Of these three Paperhouse slipped pretty much unnoticed under the radar, like so many small budget British films, despite getting overwhelmingly positive reviews and scaring the bejesus out of its audience (including me) when it first appeared. Given that it was up against Rain Man and Who Framed Roger Rabbit, and could only muster Ben Cross of Chariots of Fire for its Big Name Star, it’s perhaps not surprising that it more or less vanished without a trace. Thankfully it can be picked up on Amazon for the princely sum of £5.63
The film is based on the 1958 children’s novel Marianne Dreams by Catherine Storr, a typical middle-class kid’s book redolent of long summer afternoons, ginger beer, tuck and beastly Latin prep. Having found a magic pencil in her great grandmother’s workbox the eponymous heroine draws a house, which subsequently appears in her dreams. Every time she changes the picture the enhancements also turn up in her increasingly sinister visions. The film takes the story, uproots it from its winsome Arthur Ransome world and drops it into anxiety-ridden Thatcherite Britain. The heroine, now Anna, lives with her disinterested mother in an expensive London flat while her father swans off elsewhere on expensive business trips. Resentful of his absence, Anna is a difficult child who tells lies and bunks off school to hide in derelict stations with her friend. Having drawn a house in class she faints as she succumbs to glandular fever and finds herself on a lonely moor standing in front of her house. As the illness takes hold and she is confined to bed she revisits the scary world of the house and discovers it has an inhabitant, Marc, who can’t walk.
The OMG moment comes when Anna’s doctor reveals that she’s also tending a boy called Marc who is not only paralysed but is also dying. From then on, like a scary version of Fawlty Towers, every single thing Anna does to save the situation only makes it ten times worse. In a fit of logic only a fever-addled teenager could produce she decides to add Dad to the picture, wielding a hammer. Deciding she’s made him look bonkers she scribbles his face out. In the book menacing rocks called THEM sporting big eyeballs close in on the house for no particular reason. They are positively cosy compared to the hammer wielding blind maniac who turns up to chase Anna and Marc round the Paperhouse bellowing ‘Do you know me?’ as he finally attempts to beat Anna flat on a landscape riven by chasms of lava. This is because by now Anna’s managed to set fire to the drawing of the house in the real world, along with her bedroom. To be honest, not only is Anna stubborn and awkward but she can’t draw for toffee. At that age my daughter was churning out endless pictures of Sailor Moon and Pocahontas, both of whom would have been far more use than mentally deranged Freudian dad.
Visually the film is a stylised treat – completely dominated by the freaky child-designed house – all brooding lopsided windows on the outside and empty spaces filled with purposeless machines inside.

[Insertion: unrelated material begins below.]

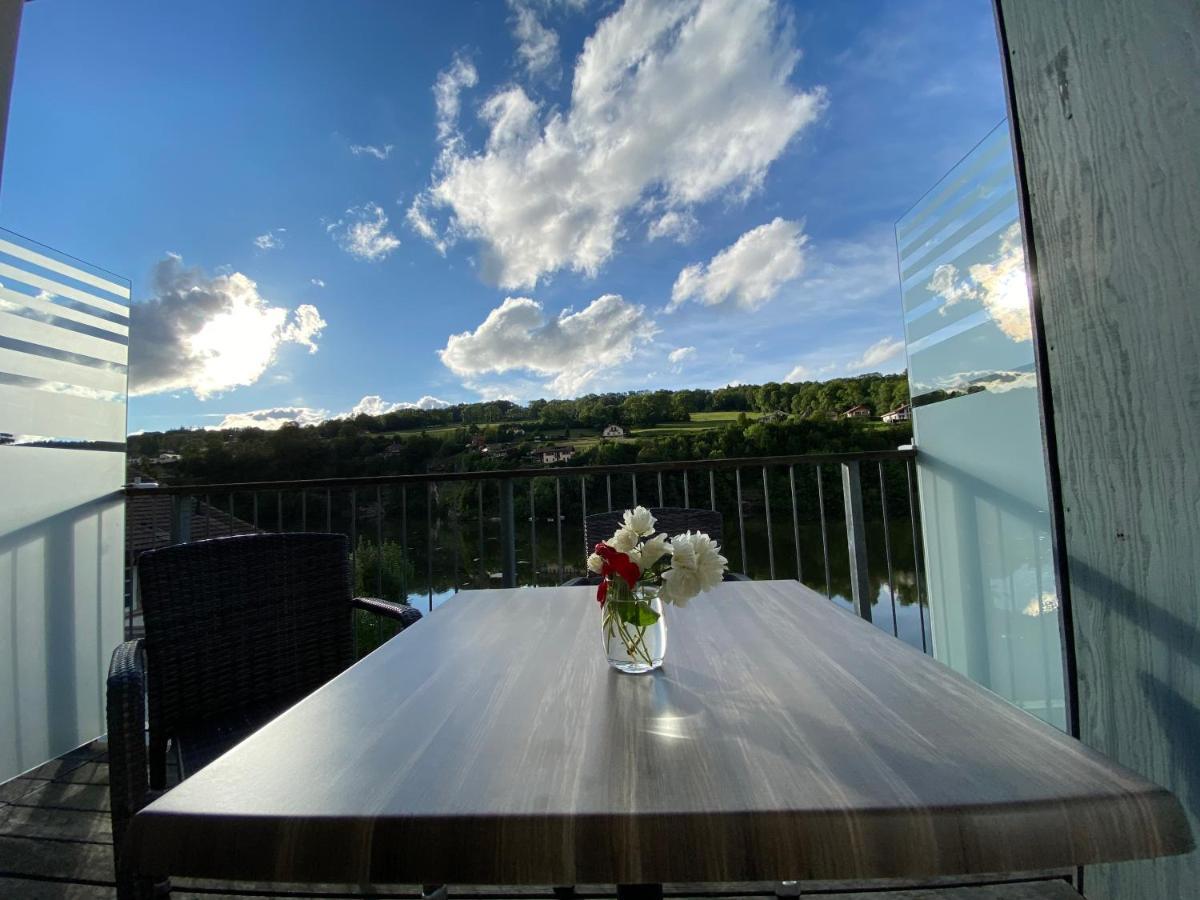 Hotel Les Rives Du Doubs Les Brenets Exteriér fotografie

The film peters out towards the end when an all-together too realistic lighthouse replaces the wonky Paperhouse as a refuge against the encroaching horrors and the film tails off into a slightly unconvincing encounter with forces beyond mortal ken on the edge of a seaside cliff.

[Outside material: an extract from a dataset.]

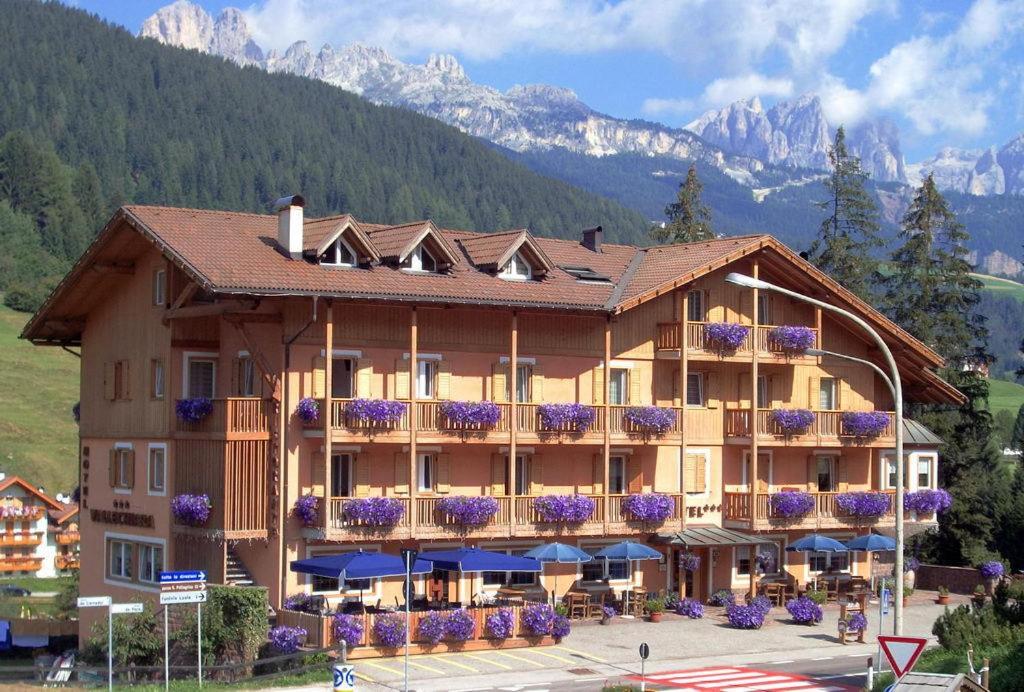 Hotel Vallechiara Moena Eksteriør bilde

Paperhouse is an unsung classic that transposes a cosy tail of school chums defeating evil à la Susan Cooper’s Dark is Rising series to the altogether grim and alienating world of late 1980s London where harassed, absent or disinterested adults leave their kids to confront nightmare fears by themselves. The overwhelming sense at the end of the movie is that grownups are, on the whole, untrustworthy or generally useless and on no account should you let them into your dreams. At just over a fiver it’s well worth a watch and I won’t deny that the beginning of the movie gave me the inspiration for parts of Thumb.